- Born: William Henry Locke Anderson February 23, 1933
- Died: September 22, 2002 (aged 69)
- Occupations: Economist Professor
- Years active: 1968-2002

= W. H. Locke Anderson =

American economist

William Henry Locke Anderson (February 23, 1933 – September 22, 2002) was an American economist and professor at the University of Michigan. During the first half of his career, he did research on macroeconomics; during the second half, he focused on Marxist economics and became an editor of Monthly Review, a Marxist journal.

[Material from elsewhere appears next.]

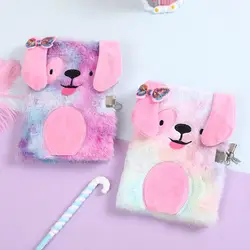 Carnet de notes A5 en peluche, mignon, avec serrure, agenda, papeterie, organisateur 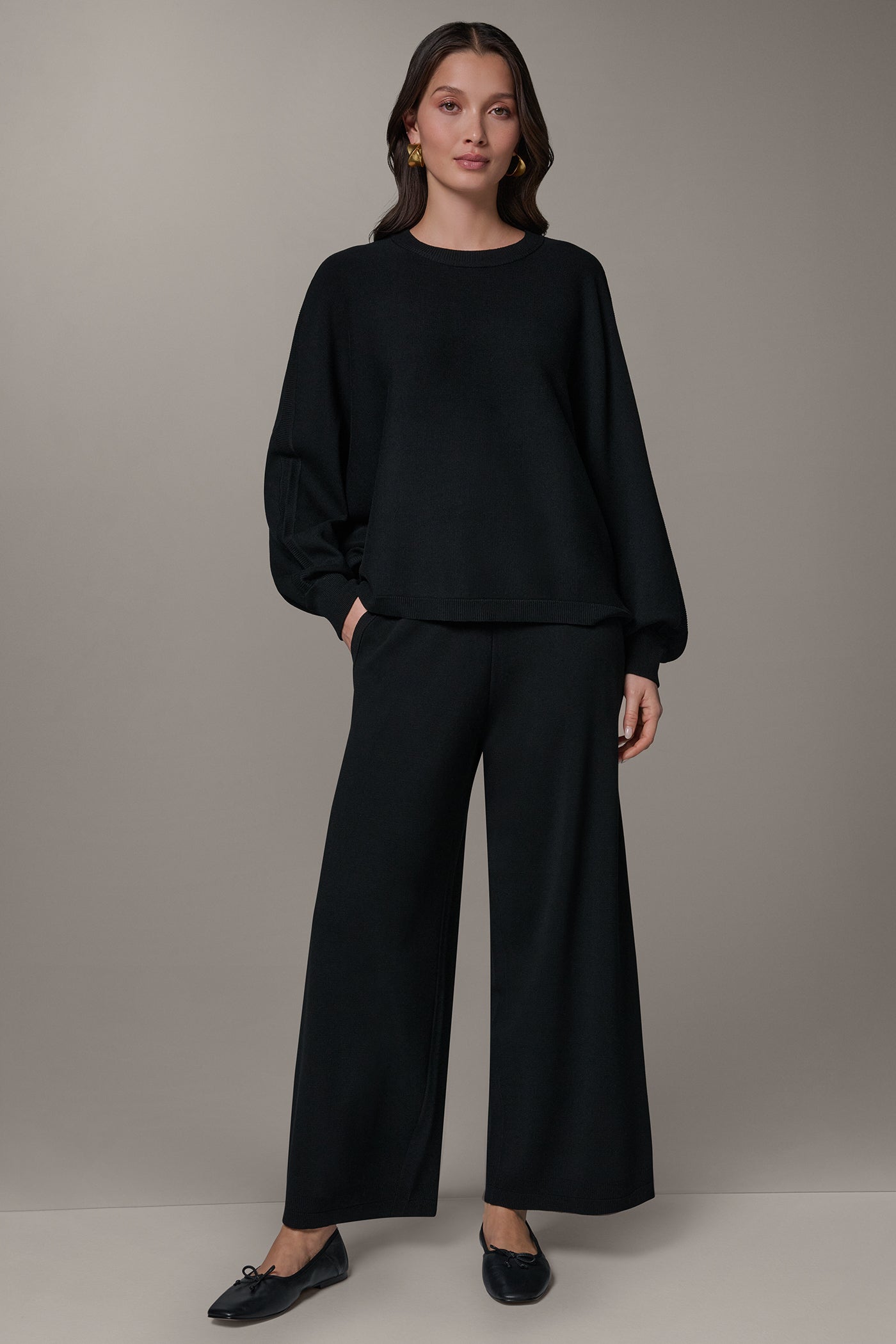 Black LONG DOLMAN SLEEVE SWEATER Donna Karan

== Early life and education ==
Anderson earned a B.A. from Williams College in 1955 and a PhD from Harvard University in 1960, immediately after which he joined the economics department of the University of Michigan. He became a full professor in 1968.

== Career ==
In macroeconomics, his research monographs studied corporate finance, investment, and national income theory. He served as a staff economist for the Council of Economic Advisers of the United States President during the administration of Lyndon B. Johnson.

Becoming critical of mainstream economics during the 1960s, he subsequently devoted his energies to Marxian political-economy, believing that "only Marxism provides the intellectual equipment needed to understand the reality of a modern capitalist society". He helped to organize the Union for Radical Political Economy (URPE), which publishes the journal Review of Radical Political Economics. He developed new economics courses in Marxist theory and the economics of women at the University of Michigan and became an associate editor of Monthly Review, a Marxist economics journal, after publishing an essay "Apologizing for capitalism" in 1987. In this essay, Anderson wrote:

As objects of curiosity, although not of course as conversationalists, economists are among the most interesting intellectuals of bourgeois society. They present themselves as scientists and have many of the affectations of science, though they do not have the nerve to wear their cute little white coats in public. But for more than two centuries they have been dedicated producers of the legitimizing ideology of capitalism, its nerve gas for the home front.

Anderson supervised the doctoral dissertations of Dean Baker and Mark Weisbrot.

== Personal life ==
Anderson took early retirement from the University of Michigan in 1988 and moved to New York City, where he was a parishioner of the Abyssinian Baptist Church. He died on September 22, 2002.